Despite the rarity of this disorder, a recent review analyzed the outcomes among 44 patients. The median age at diagnosis was 62.5 years. The median overall survivals for WHO grades III and IV were 11 and 10 months, respectively, and this difference was not statistically significant. Regardless of intervention, the outcomes were generally poor, although the nature of the treatment impacted the duration of survival. Without therapy, the median survival was 2 months, whereas chemotherapy resulted in a median survival of 4 months, and combined radiation therapy and chemotherapy yielded a median survival of 11 months. Due to the rarity of malignant optic nerve gliomas, well-designed prospective studies and treatment protocols have not been designed. 58
Conflict of Interest None declared.
Note
This study specifically focused upon sporadic OPG outlining their clinical characteristics, visual prognosis, and considerations for follow-up and treatment.
Pearls and Tips.
Whereas biopsy is generally not required in cases of suspected pediatric optic nerve gliomas and the diagnosis may be made on imaging features, surgical confirmation should take place in adult-onset malignant optic nerve gliomas.

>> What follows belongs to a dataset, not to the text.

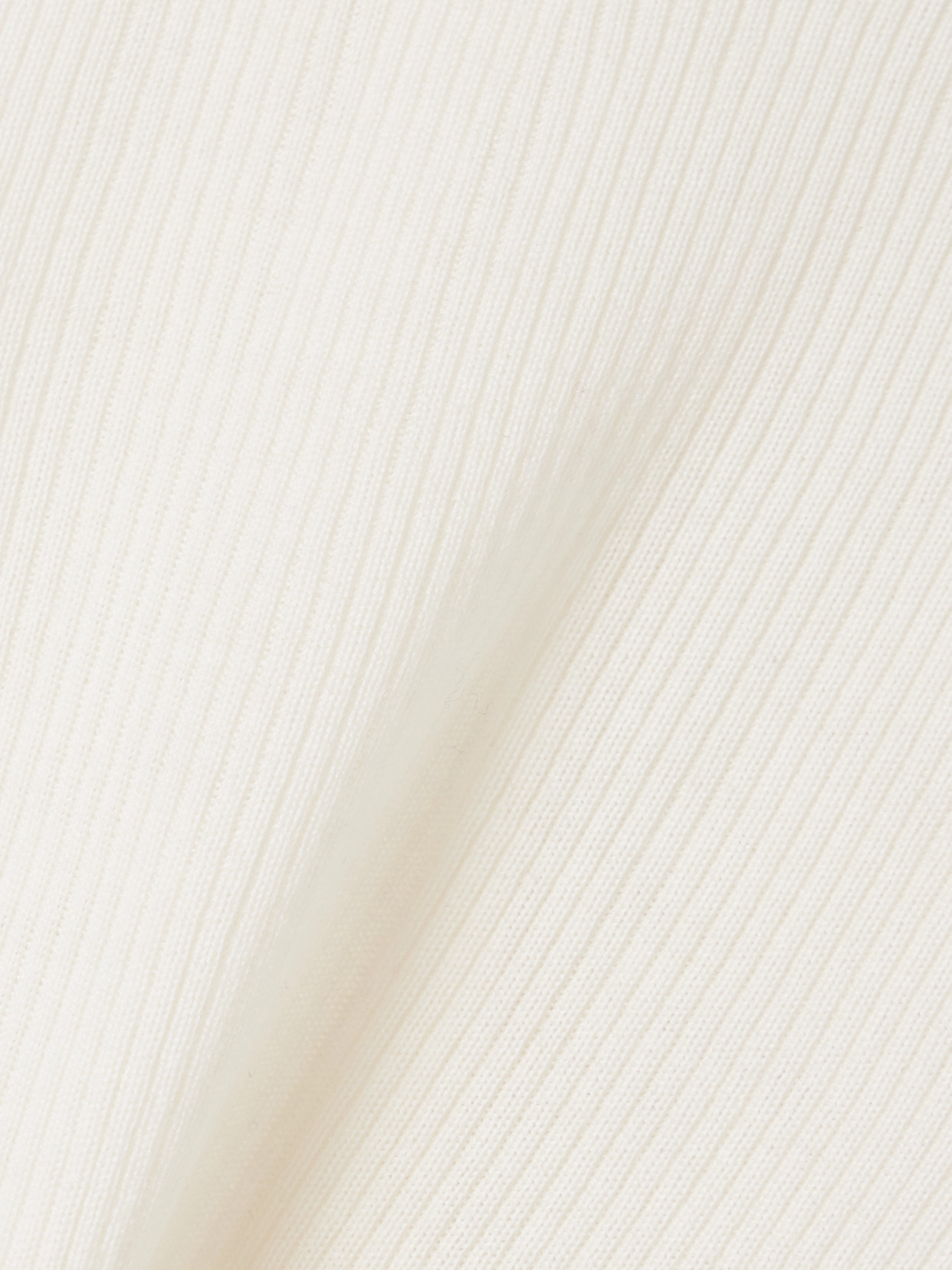 Twp Ribbed Merino Wool Turtleneck Sweater In White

In pediatric patients with vision loss from optic nerve gliomas, chemotherapy is the standard of care. Newer agents and regimens offer hope in cases of recalcitrant or recurrent disease.
Surgical debulking is generally reserved for disfiguring proptosis, severe pain, or progressive keratopathy in pediatric cases of optic nerve glioma.
Combined chemotherapy and radiation therapy appear to extend the duration of survival in cases of malignant optic nerve glioma, although outcomes are generally poor.